Da näherte sich uns ein Jogger, ein älterer distinguierter Herr, gestylt, mit einem optimal modischen Outfit. Blitzschnell wurde ich mir meines eigenen, eher grauen Habits bewusst, und die Skala meiner guten Laune sank um einige Grade.
In diesem Moment sprang mein junger Hund auf den sportlichen Läufer zu und umkreiste ihn, laut bellend. Mein Abrufen blieb erfolglos, worauf der Jogger stehenblieb und säuerlich bemerkte: „Der Hund folgt ja überhaupt nicht.“Ich entschuldigte mich ob meines Unvermögens, meine Hündin zu mir zu rufen, ich entschuldigte das Tier ob seiner Jugend und versuchte dabei krampfhaft, meine Molly am Halsband zu fassen. Sie ließ mich bis auf eine kurze Distanz herankommen – ich sah den Schalk in ihren Augen – um im letzten Moment wegzuspringen.
„Sie sollten in eine Hundeschule gehen!“rief der Gutaussehende, während der Hund ihn weiterhin kläffend umtänzelte. „Ich bin in der Hundeschule“, brüllte ich zurück, „aber die Erziehung hat offensichtlich noch nicht gegriffen.“ Ich spürte, wie mir die Schamesröte ins Gesicht stieg und ich hätte viel darum gegeben, im Erdboden versinken zu können.
„Sind Sie nicht Lehrerin?“, keifte der Sportsfreund.

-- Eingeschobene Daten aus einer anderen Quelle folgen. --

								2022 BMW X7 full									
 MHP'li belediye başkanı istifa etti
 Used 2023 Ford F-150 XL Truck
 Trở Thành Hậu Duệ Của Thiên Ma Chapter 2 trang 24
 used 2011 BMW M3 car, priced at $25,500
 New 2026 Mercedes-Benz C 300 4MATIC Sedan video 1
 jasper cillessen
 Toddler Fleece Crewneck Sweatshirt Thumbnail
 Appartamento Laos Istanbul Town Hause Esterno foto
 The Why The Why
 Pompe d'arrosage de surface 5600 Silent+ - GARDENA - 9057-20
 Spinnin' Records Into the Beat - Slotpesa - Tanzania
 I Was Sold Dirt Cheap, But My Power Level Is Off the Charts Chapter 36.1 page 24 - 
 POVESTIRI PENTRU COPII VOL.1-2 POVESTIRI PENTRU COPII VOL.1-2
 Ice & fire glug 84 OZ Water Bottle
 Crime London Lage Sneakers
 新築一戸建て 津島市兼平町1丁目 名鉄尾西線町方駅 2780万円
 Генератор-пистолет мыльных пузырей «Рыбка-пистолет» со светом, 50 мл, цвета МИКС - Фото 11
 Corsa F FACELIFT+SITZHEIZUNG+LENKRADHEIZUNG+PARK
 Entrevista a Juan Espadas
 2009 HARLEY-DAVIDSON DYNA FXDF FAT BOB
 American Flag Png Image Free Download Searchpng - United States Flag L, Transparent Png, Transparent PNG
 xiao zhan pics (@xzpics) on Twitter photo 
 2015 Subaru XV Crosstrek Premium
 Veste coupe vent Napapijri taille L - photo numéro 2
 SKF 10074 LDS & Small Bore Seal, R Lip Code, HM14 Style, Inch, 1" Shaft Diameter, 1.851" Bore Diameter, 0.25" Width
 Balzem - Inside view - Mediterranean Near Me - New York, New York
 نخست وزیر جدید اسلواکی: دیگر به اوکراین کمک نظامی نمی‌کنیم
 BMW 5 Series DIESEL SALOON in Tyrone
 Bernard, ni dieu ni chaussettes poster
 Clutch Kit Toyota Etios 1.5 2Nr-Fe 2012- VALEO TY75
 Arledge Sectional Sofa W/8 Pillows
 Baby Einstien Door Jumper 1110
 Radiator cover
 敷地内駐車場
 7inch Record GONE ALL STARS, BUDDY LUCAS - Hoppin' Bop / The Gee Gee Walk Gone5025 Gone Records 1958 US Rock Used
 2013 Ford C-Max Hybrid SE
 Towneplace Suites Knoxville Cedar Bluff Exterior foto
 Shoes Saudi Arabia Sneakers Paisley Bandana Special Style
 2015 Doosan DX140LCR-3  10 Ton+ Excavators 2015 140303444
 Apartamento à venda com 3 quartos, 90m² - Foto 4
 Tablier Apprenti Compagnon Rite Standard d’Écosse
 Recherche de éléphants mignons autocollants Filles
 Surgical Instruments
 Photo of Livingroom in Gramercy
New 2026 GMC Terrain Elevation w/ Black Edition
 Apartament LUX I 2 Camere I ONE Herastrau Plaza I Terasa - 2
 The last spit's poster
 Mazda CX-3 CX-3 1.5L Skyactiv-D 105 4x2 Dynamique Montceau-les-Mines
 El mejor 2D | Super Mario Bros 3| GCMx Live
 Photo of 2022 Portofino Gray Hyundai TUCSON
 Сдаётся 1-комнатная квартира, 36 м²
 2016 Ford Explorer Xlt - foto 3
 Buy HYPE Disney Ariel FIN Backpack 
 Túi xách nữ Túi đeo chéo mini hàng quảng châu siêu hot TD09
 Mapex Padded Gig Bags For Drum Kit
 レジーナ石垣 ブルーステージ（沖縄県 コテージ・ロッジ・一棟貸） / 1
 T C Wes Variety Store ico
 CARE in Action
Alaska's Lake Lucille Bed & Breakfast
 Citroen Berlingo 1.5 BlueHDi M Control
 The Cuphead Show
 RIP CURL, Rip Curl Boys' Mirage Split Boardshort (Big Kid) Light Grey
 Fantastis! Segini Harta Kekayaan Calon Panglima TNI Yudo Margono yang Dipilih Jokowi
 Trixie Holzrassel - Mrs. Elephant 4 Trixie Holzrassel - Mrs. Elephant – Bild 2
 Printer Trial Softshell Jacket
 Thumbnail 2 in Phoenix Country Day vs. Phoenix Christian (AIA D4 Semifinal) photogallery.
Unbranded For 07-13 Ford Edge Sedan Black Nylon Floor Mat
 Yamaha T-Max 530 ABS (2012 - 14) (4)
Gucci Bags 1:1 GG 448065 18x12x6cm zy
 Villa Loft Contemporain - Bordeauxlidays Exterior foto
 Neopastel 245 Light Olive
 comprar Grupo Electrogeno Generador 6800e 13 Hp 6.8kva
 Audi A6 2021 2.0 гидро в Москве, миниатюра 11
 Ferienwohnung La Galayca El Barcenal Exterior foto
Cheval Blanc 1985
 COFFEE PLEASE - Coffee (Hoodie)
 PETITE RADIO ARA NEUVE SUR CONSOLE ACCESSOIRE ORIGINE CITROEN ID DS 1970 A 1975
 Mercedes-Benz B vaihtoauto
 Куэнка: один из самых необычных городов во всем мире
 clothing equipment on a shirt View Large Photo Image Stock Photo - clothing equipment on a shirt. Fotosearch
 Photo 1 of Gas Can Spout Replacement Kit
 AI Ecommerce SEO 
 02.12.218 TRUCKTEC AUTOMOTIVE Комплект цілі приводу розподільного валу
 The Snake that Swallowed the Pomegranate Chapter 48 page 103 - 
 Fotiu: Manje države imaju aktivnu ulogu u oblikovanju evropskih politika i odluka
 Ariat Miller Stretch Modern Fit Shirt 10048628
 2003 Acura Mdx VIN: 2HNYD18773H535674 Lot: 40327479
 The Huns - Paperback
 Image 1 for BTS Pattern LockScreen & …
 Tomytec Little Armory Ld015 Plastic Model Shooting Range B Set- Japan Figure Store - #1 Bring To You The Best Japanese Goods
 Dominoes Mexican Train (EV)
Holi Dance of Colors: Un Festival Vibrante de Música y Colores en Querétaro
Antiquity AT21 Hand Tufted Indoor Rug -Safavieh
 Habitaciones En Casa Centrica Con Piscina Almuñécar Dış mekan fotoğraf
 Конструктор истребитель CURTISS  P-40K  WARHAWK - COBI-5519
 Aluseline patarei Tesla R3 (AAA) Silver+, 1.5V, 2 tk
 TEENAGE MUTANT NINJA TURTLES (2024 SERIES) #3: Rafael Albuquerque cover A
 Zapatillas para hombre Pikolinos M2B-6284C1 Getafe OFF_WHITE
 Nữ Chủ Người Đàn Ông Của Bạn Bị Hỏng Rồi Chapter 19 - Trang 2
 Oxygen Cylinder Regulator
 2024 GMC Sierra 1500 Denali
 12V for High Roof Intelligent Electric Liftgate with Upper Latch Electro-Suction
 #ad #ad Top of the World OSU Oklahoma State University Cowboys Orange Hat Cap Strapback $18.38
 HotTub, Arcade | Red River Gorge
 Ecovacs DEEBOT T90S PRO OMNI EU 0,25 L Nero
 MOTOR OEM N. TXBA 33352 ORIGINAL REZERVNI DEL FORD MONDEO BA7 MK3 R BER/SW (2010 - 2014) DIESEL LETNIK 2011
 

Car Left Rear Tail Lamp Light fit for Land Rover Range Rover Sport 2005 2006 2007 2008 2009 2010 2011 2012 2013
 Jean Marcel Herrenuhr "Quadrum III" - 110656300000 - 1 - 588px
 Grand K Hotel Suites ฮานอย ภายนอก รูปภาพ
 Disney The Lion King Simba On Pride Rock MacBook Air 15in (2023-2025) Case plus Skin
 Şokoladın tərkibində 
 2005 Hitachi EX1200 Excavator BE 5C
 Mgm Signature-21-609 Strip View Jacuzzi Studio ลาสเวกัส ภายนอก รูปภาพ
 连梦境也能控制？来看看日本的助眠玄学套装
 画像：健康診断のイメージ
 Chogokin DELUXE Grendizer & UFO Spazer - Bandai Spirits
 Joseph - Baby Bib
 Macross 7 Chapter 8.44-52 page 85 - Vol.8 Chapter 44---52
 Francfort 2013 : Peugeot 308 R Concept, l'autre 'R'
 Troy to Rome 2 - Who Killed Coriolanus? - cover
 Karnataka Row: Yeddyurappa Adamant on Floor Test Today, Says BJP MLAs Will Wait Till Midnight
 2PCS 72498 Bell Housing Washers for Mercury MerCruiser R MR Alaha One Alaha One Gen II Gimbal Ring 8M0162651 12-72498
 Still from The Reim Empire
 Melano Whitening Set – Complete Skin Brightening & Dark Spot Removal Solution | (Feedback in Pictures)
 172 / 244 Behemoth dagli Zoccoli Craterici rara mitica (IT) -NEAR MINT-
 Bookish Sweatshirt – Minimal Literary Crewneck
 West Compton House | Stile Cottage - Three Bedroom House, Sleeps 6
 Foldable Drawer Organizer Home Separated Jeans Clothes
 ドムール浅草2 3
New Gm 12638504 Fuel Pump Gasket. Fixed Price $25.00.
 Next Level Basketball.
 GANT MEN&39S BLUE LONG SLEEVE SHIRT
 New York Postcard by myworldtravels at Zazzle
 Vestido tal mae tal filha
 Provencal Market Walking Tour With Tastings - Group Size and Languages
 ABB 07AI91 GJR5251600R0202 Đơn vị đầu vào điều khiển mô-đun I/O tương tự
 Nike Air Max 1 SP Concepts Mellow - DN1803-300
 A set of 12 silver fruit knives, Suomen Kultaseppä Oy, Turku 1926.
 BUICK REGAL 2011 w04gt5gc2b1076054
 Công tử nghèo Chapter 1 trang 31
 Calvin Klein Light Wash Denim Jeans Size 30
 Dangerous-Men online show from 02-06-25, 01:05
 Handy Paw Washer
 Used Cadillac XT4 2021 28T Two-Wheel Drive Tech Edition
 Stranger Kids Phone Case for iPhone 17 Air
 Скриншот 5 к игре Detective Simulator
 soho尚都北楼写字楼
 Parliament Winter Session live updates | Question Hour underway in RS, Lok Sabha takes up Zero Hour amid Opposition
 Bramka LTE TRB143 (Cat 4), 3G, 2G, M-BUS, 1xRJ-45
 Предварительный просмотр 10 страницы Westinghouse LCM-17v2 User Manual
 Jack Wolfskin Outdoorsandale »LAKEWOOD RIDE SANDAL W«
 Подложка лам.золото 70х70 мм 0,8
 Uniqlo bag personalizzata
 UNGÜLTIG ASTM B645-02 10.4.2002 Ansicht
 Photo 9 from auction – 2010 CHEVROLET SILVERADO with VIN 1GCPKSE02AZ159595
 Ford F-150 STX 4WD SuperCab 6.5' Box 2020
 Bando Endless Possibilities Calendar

Das war der Moment, wo mir die Tränen der Hilflosigkeit in die Augen schossen. Ich drehte mich abrupt um und entfernte mich eilends. Wie auf Kommando beendete Molly ihren Tanz um den Schönling und trabte hinter mir her. Ich hörte noch ein „Unglaublich!“hinter mir herrufen, dann trennten sich unsere Wege.
Wir liefen wortlos nebeneinander her, der Hund und ich, und jeder war sich irgendwie seiner Verfehlung bewusst. Schließlich vergaß ich meine gute Erziehung, mein Alter und meinen Beruf, und machte meinem Frust verbal Luft.
Beim Auto angekommen, war meine Wut verraucht, ich entschuldigte mich beim Hund und wir stiegen ein.
„Wozu eigentlich die teure Hundeschule, wenn du ohnehin nichts lernst?“, fragte ich versöhnlich.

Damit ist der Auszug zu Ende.